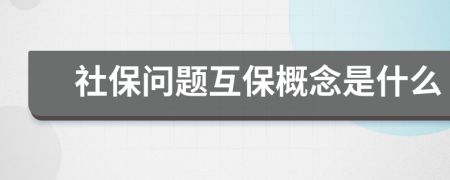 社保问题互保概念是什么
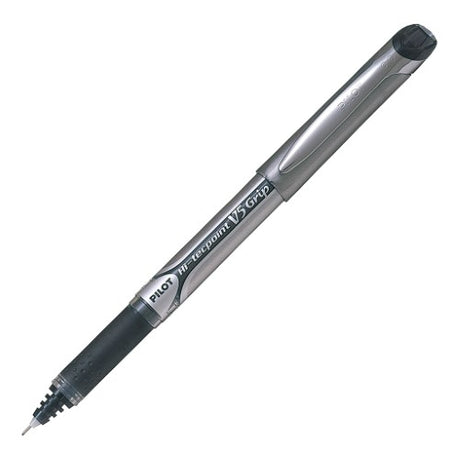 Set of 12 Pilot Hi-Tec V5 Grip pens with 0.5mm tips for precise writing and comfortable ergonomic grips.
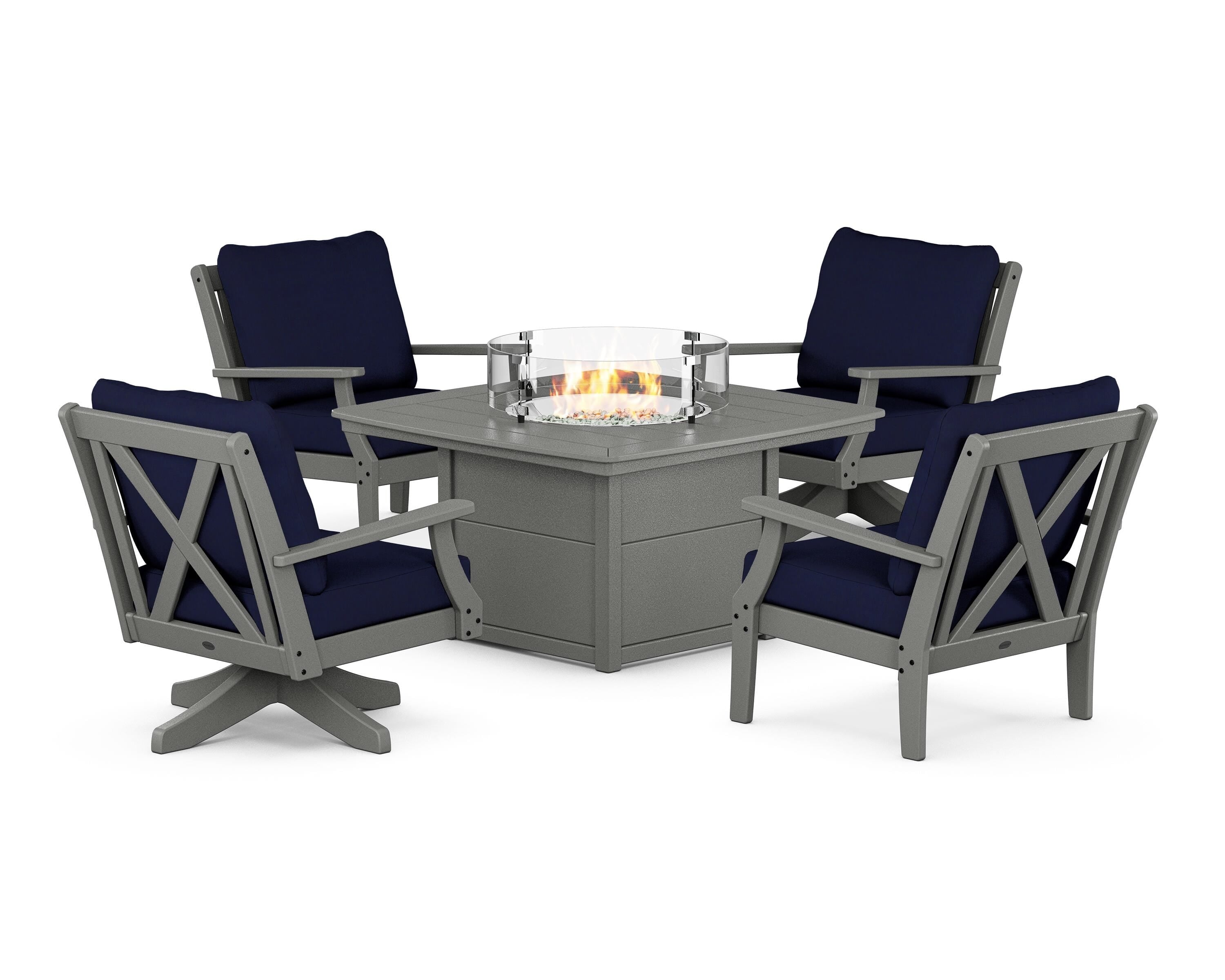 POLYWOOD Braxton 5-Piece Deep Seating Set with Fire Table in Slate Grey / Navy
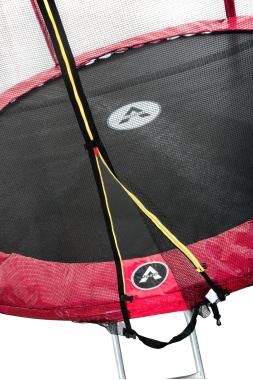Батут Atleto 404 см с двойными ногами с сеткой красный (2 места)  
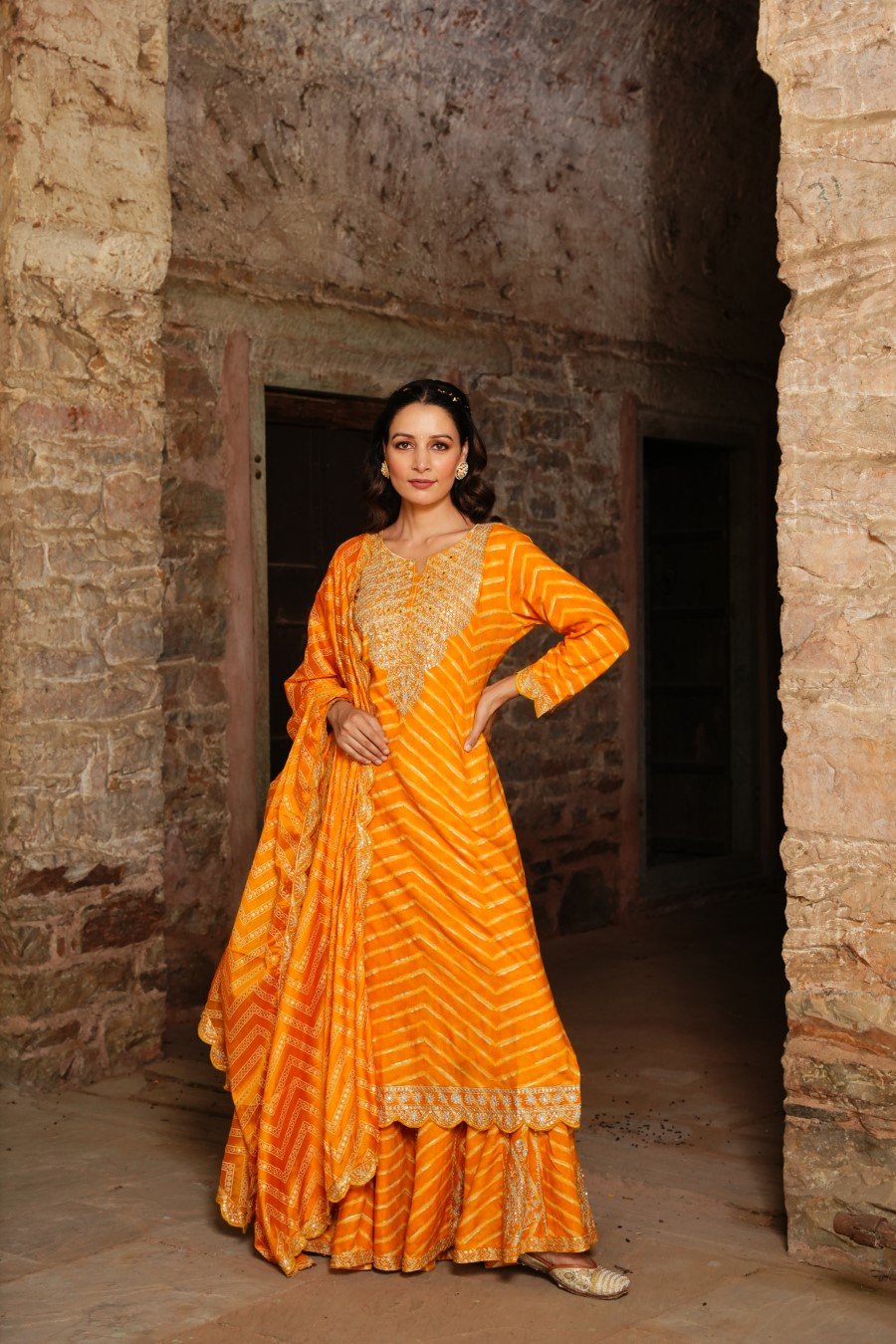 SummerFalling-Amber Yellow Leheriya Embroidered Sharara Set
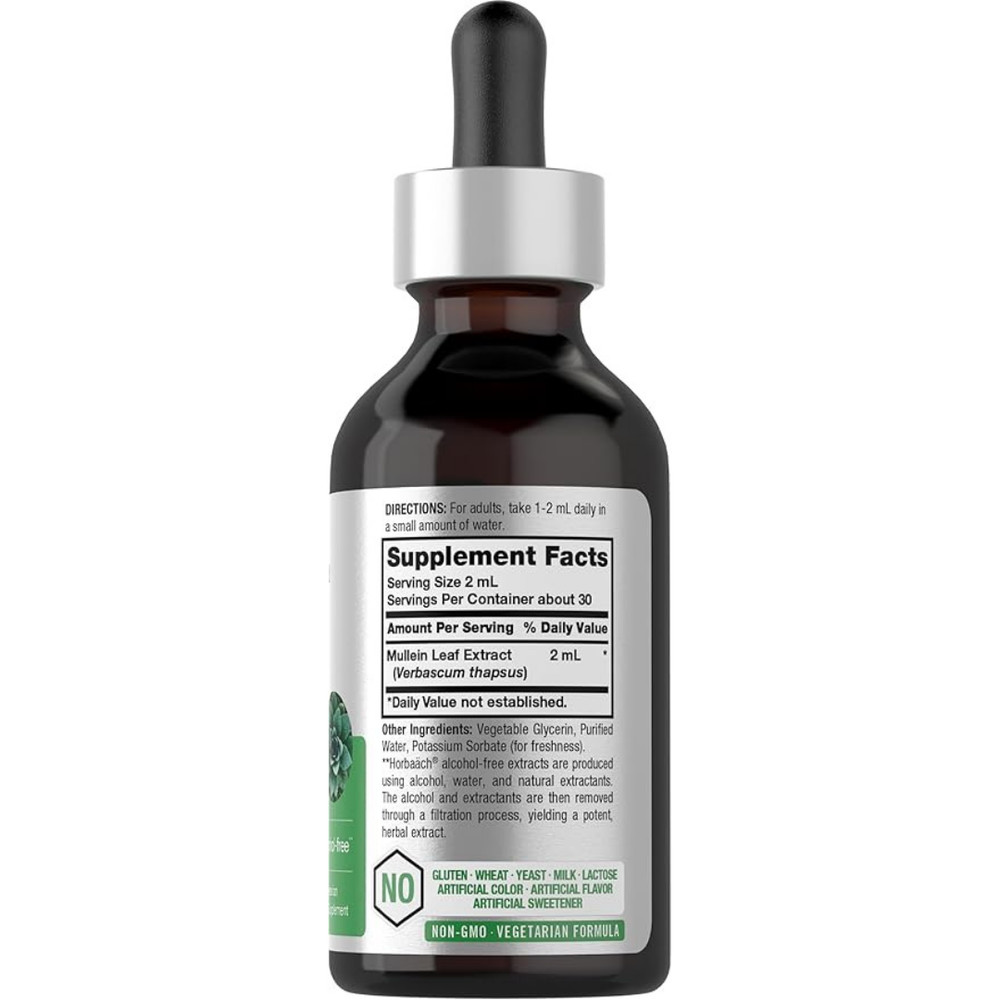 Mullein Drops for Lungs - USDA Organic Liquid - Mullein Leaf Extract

.....

*About this exercise*
Make an exact copy of the listing. Leave its pictures out.

*Exercise output*
 社保问题互保概念是什么
 Set of 12 Pilot Hi-Tec V5 Grip pens with 0.5mm tips for precise writing and comfortable ergonomic grips.
 POLYWOOD Braxton 5-Piece Deep Seating Set with Fire Table in Slate Grey / Navy
Батут Atleto 404 см с двойными ногами с сеткой красный (2 места)  
 SummerFalling-Amber Yellow Leheriya Embroidered Sharara Set
 Mullein Drops for Lungs - USDA Organic Liquid - Mullein Leaf Extract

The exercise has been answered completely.